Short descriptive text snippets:
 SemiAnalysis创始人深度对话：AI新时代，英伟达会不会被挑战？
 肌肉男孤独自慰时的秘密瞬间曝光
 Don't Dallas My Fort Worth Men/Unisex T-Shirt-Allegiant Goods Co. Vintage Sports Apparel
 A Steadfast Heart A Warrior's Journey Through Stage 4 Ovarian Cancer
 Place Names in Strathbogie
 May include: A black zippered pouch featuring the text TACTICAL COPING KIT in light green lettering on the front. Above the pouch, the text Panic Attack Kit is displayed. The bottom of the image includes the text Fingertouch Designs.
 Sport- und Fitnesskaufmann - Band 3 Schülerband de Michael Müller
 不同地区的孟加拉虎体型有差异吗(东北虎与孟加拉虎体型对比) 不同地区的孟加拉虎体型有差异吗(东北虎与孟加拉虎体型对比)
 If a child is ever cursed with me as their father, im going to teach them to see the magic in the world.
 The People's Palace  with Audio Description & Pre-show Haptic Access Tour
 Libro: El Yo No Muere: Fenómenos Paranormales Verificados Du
--
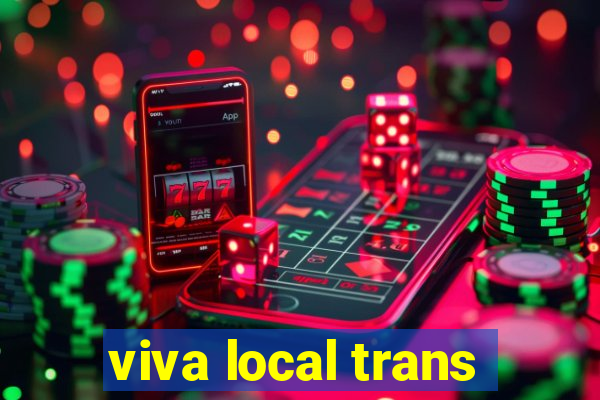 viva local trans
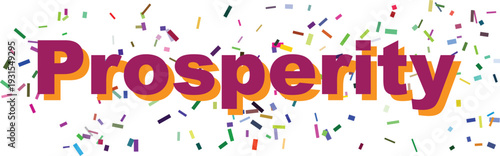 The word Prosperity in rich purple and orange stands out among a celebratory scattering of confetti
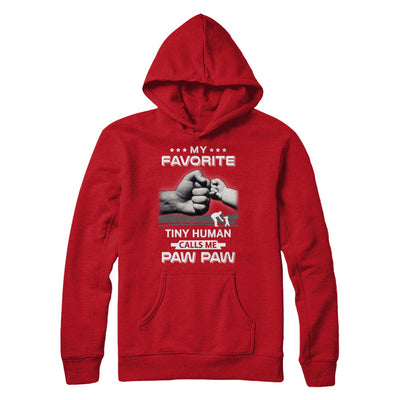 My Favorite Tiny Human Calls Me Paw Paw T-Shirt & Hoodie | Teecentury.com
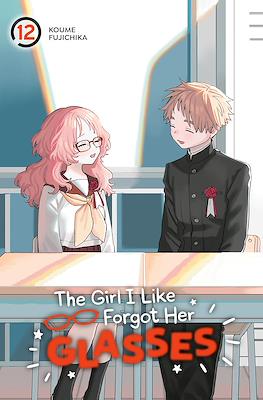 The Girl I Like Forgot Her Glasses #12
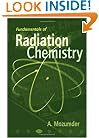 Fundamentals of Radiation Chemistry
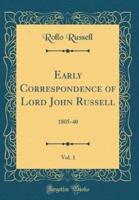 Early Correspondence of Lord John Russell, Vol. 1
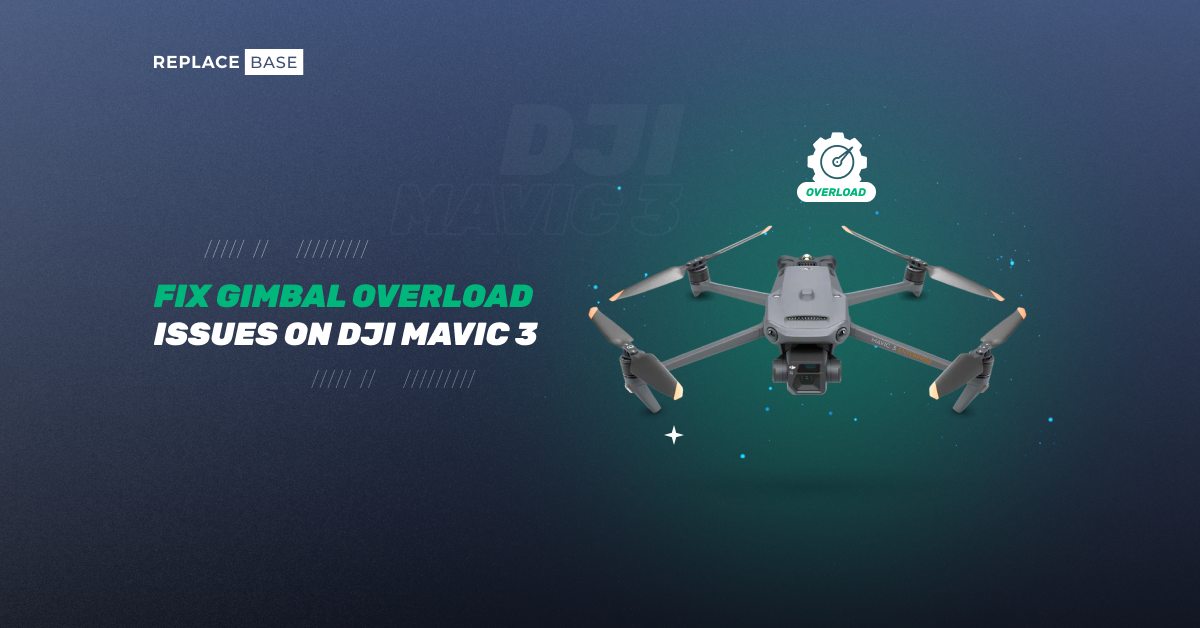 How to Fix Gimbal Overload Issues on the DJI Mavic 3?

What you should do: Retype the records above, but only those lines that fall between the line containing "SemiAnalysis创始人深度对话：AI新时代，英伟达会不会被挑战？" and the line containing "May include: A", with both of those lines included, exactly as written.

Exercise result:
 SemiAnalysis创始人深度对话：AI新时代，英伟达会不会被挑战？
 肌肉男孤独自慰时的秘密瞬间曝光
 Don't Dallas My Fort Worth Men/Unisex T-Shirt-Allegiant Goods Co. Vintage Sports Apparel
 A Steadfast Heart A Warrior's Journey Through Stage 4 Ovarian Cancer
 Place Names in Strathbogie
 May include: A black zippered pouch featuring the text TACTICAL COPING KIT in light green lettering on the front. Above the pouch, the text Panic Attack Kit is displayed. The bottom of the image includes the text Fingertouch Designs.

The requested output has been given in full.